→ **PROBLEM**: The reply should contain every entry below exactly as written, with no images.

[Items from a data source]
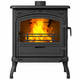 Піч камін чавунна KAWMET Premium EOS (10 kW) EKO - изображение 1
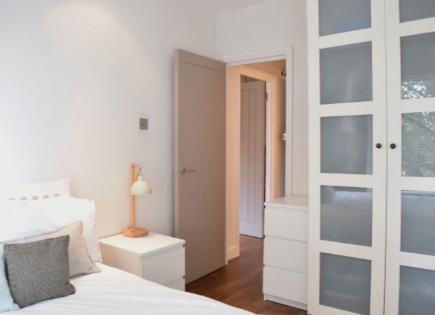 Квартира за 350 000 евро в Лондоне, Великобритания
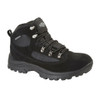 Northwest Territory Kendall walking boots in Black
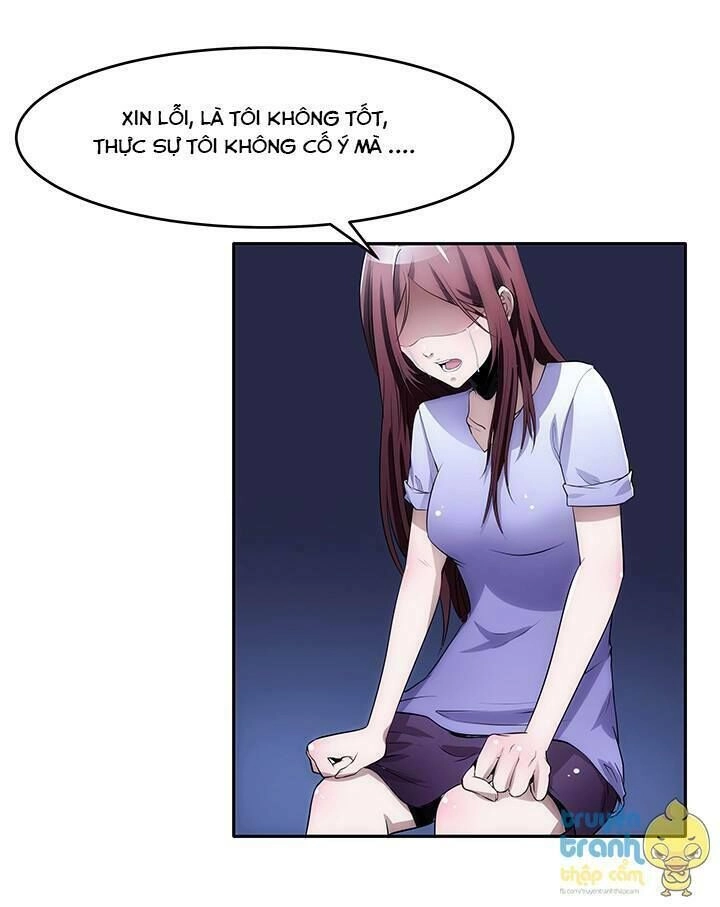 Âm Mưu Bên Gối Chapter 3 - 55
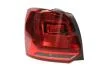 MAGNETI MARELLI Задний фонарь лев. VW Polo 09- 714000028730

→ **WRITTEN RESPONSE**:
 Піч камін чавунна KAWMET Premium EOS (10 kW) EKO - изображение 1
 Квартира за 350 000 евро в Лондоне, Великобритания
 Northwest Territory Kendall walking boots in Black
 Âm Mưu Bên Gối Chapter 3 - 55
 MAGNETI MARELLI Задний фонарь лев. VW Polo 09- 714000028730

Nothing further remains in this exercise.